Пьер Леон в «Останках» словно составляет словарь жестов из фильмов Фрица Ланга. Все эти варианты производства фильма из заимствованных фрагментов предполагают вычленение повторяющихся или, напротив, странных элементов, их дальнейшую организацию в логике определенной картографии, сформированной субъективным интересом автора. Сходным образом действует психоаналитик. Он, как полагал Жак Лакан, «читает» то, что пишется, в том, что говорится, и таким образом уходит из непосредственного доверия содержанию речи в поле ее восприятия как следа и как означающего. Этот переход и структурирует прочитанный таким образом материал на карте, заданной интересом психоаналитика к вопросу о желании.
Сходным образом действует режиссер found footage: чтобы составить свой аналитический этюд, он должен отнестись к фрагментам кино одновременно как к следам почти травматического происхождения и как к клише, запущенным в общественный символический оборот.
«Искупление», режиссер Мигел Гомеш
Материализм и недоверие «непосредственному» – два кита критического дискурса, в том числе марксизма или психоанализа, совмещаются в found footage с завороженностью фрагментами чужого материала, с неудовлетворимым вуайеристским импульсом. В этом смысле в found footage всегда есть удвоение, расщепление модальности взгляда. Например, у Пьера Леона анализ языка Фрица Ланга неотделим от восторга перед его аффективностью, которая, однако, выступает в фильме в остраненном, дистанцированном виде.
Прием повтора одних и тех же или сходных кадров в found footage можно также прочесть и как констатацию их повторяемости в языке кино, и как аналитическое осмысление и наслаждение ими. Наконец, двояко можно понимать и конструкцию нарратива: стыки разных фильмов могут быть осмыслены как акт их обезличивания в общем пространстве киноязыка, но одновременно и как вольные путешествия фантазии по маршрутам, проложенным кинообразами. В любом случае двойственное отношение к киноматериалу в found footage связано с дистанцией по отношению к нему. Аналитическая модальность относится к этой дистанции как к необходимому зазору для размышления, а вуайеристски аффективная – как к источнику томительной невозможности полностью идентифицироваться с образной структурой фильма.

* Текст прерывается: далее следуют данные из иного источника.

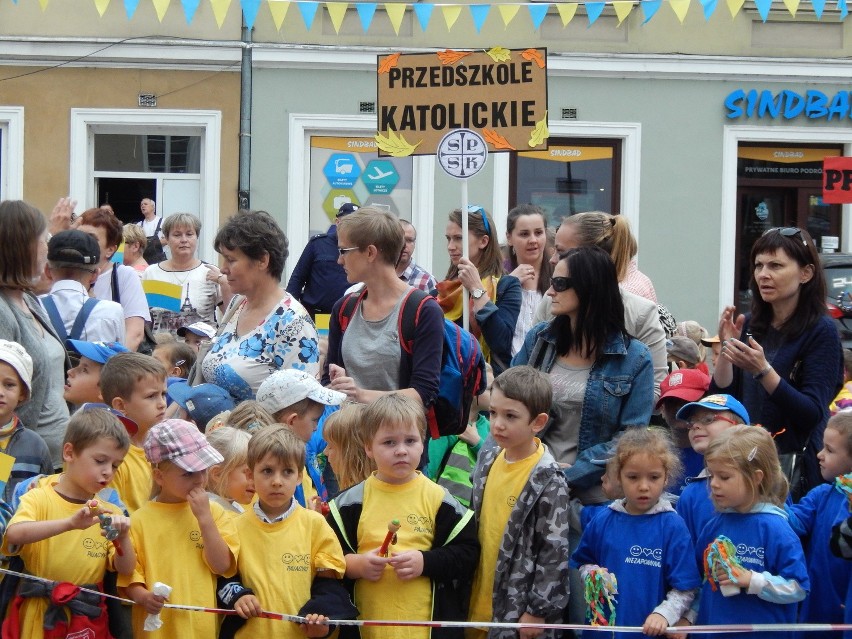 Ogólnopolski Dzień Przedszkolaka na opolskim Rynku.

Еще более осложняет модальность взгляда в found footage понимание того, к каким именно смысловым полям отсылают разные фрагменты. Говоря об «обезличенном пространстве киноязыка», я имею в виду, что киноязык не автономен, но историчен, социален, политичен. Он буквально производит субъект. Задействовать эти пересекающиеся контексты и есть задача режиссера found footage.

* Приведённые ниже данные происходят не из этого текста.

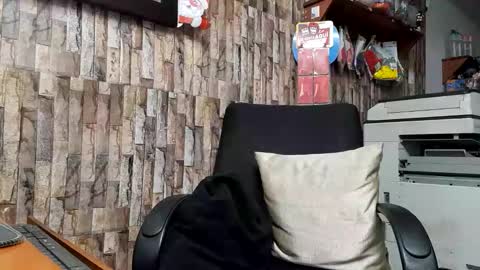 Jhosuamoore  online show from 01-08-26, 12:13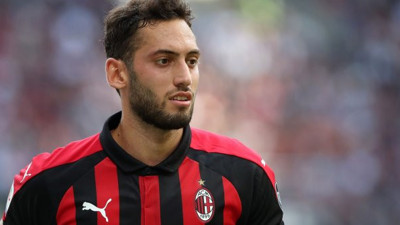 Hakan Çalhanoğlu’ndan Galatasaray’a yeşil ışık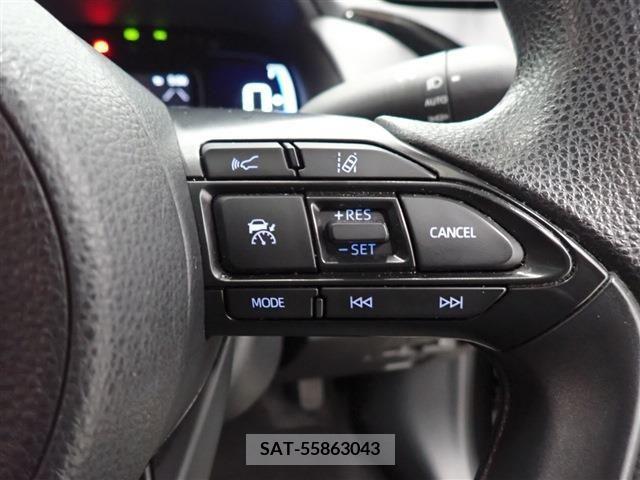 Toyota AQUA 2022-01 389259-17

Также работает и психоаналитик. Петер Черкасски в фильме Coming attractions изучает интерференцию раннего кино, рекламы и американского киноавангарда: один и тот же образ может быть прочитан в каждом из этих смысловых рядов. Импульс завороженного подглядывания подкреплен у Черкасски и одушевлен именно такой неоднозначностью: зритель каждый раз вынужден пытаться понять, с чем же он имеет дело, вглядываться в изображение – и ни в чем не достигать уверенности.

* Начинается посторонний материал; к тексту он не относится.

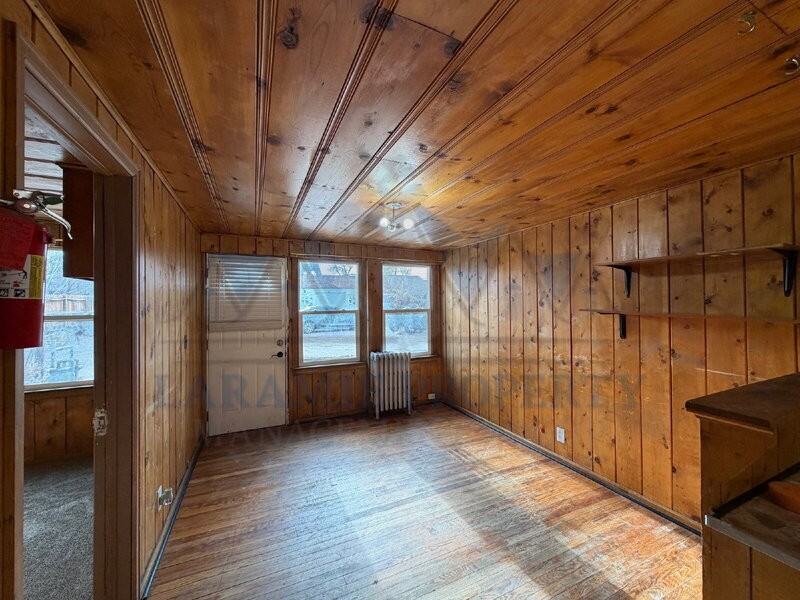 407 South 5th Street #B - Photo 2 of 9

Дискурсивная неуверенность в видимом и есть настоящая энергия вуайеризма, который остается неудовлетворенным. Этот феномен касается не только фильма Черкасски, но и других участников программы «found footage...». Именно так его безлично-научная, лингвистическая сторона производит его чувственность. В конечном счете, подстегивая и взаимно обусловливая друг друга, они становятся неразделимы.